Ed. thinks, by the way, that it would be a peachy idea if the inspectors were making detailed GPS maps of Hussein's heretofore secret palaces and hideouts as they attended to their daily rounds.

Monday, December 02, 2002

Last Year It Was Credenzas

A new Playboy poll reveals that the favorite place for women to have office sex is on a desk, according to a Monday Reuters article. Men prefer couches or chairs, apparently. Overall, the pollsters discovered that half of the women respondents had sex with an office intern at work, and that two-thirds of the females had slept with a co-worker. This includes the 46 percent of women who had slept with their boss.

Reacting to this news, Ed. has begun throwing out his office furniture, replacing all sofas and chairs with desks. Ed. has also demoted himself to an intern.

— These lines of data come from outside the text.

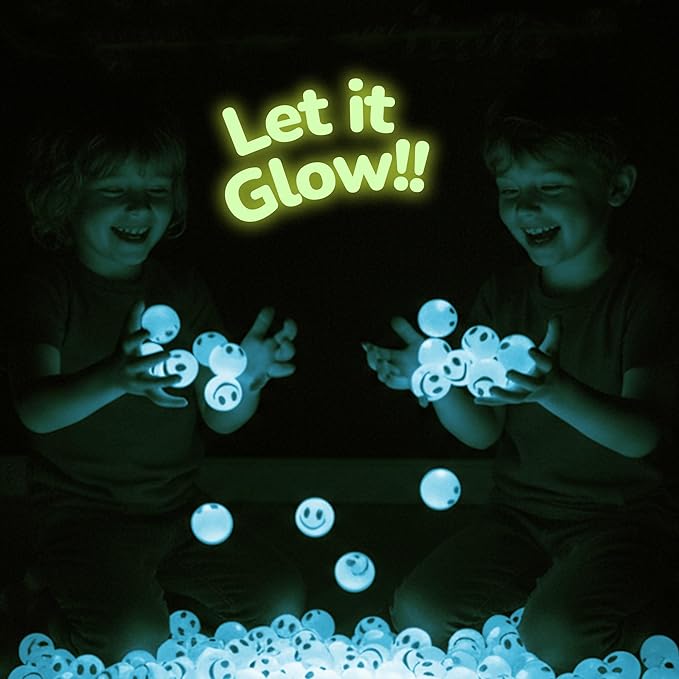 ArtCreativity Glow in the Dark Light Blue Smiley Face Bouncing Balls - Bulk Pack of 36 - 1 Inch High Bounce Bouncy Balls for Kids, Glowing Party Favors and Goodie Bag Fillers for Boys and Girls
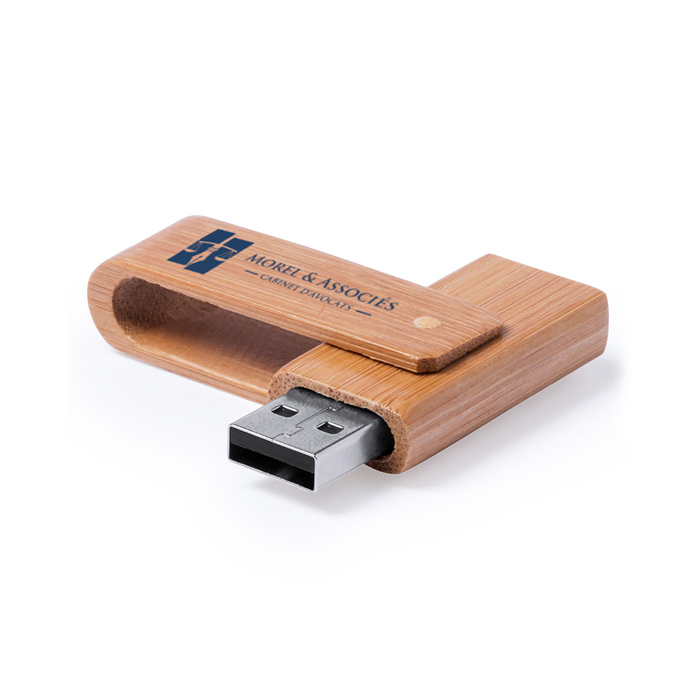 USB Stick bedrucken ökologisch aus Bambus 16 GB - Heidelbeere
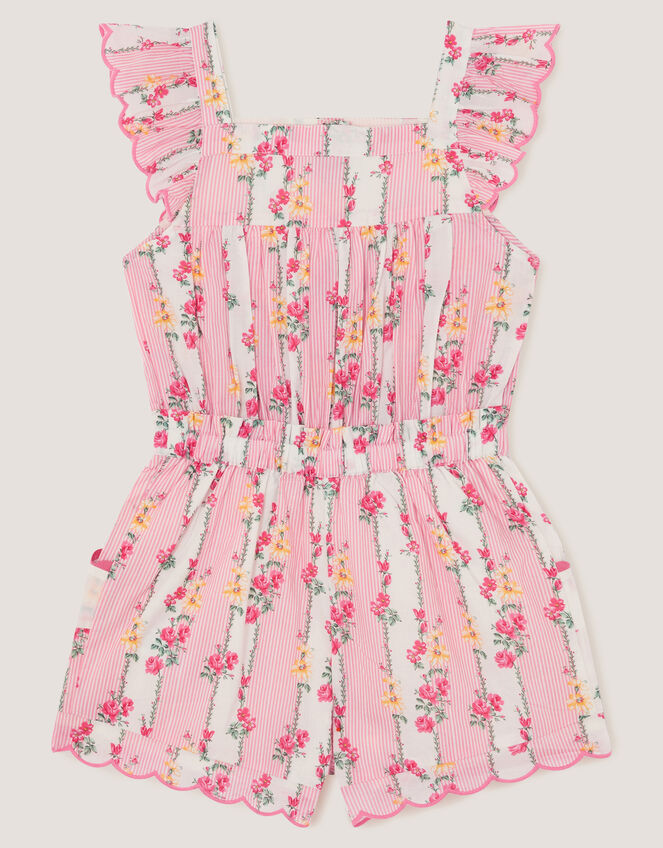 Floral Stripe Playsuit, Pink (PINK), large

Bolivia Hit By Glut Of Cow's Hooves, Snouts -- World Markets Recoil

Now that McDonalds has abandoned Bolivia, under the burger chain's global restructuring plan, what is going to happen to the Bolivian market for otherwise inedible cow parts? World options traders say the news has rocked exchanges, with March delivery cow entrails falling to an all-time low. Ed.'s Sur American sources tell him that the pullout and resulting glut were engineered to prop up the McDonald's $1 Big Tasty promotion, since the sandwich can't be made for anywhere near a buck using real meat.

In The Heat Of Battle

Ed. assumes his particular strategic military advice won't be sought by Colombian defense minister Marta Lucia-Ramirez. According to the Reuters story, Lucia-Ramirez, the nation's first female defense chief, is locked into a struggle with 20,000 Marxist rebels. Strategists brainstormed and came up with a PsyOps option: Lure the rebels into defection by showering them on the battlefield with thousands of pocket-sized pictures showing bikini-clad models representing just one of democracy's many perks. Well, Lucia-Ramirez -- a former model -- nixed the idea.

Ed. thought this was a brilliant plan -- vastly more friendly to the environment than, say, dropping tons of napalm.

BTW, according to the rules of war down there, male guerrillas must obtain the permission of a higher-ranking officer before having sex with a female rebel. No word yet on to whom a female rebel may appeal the commander's ruling.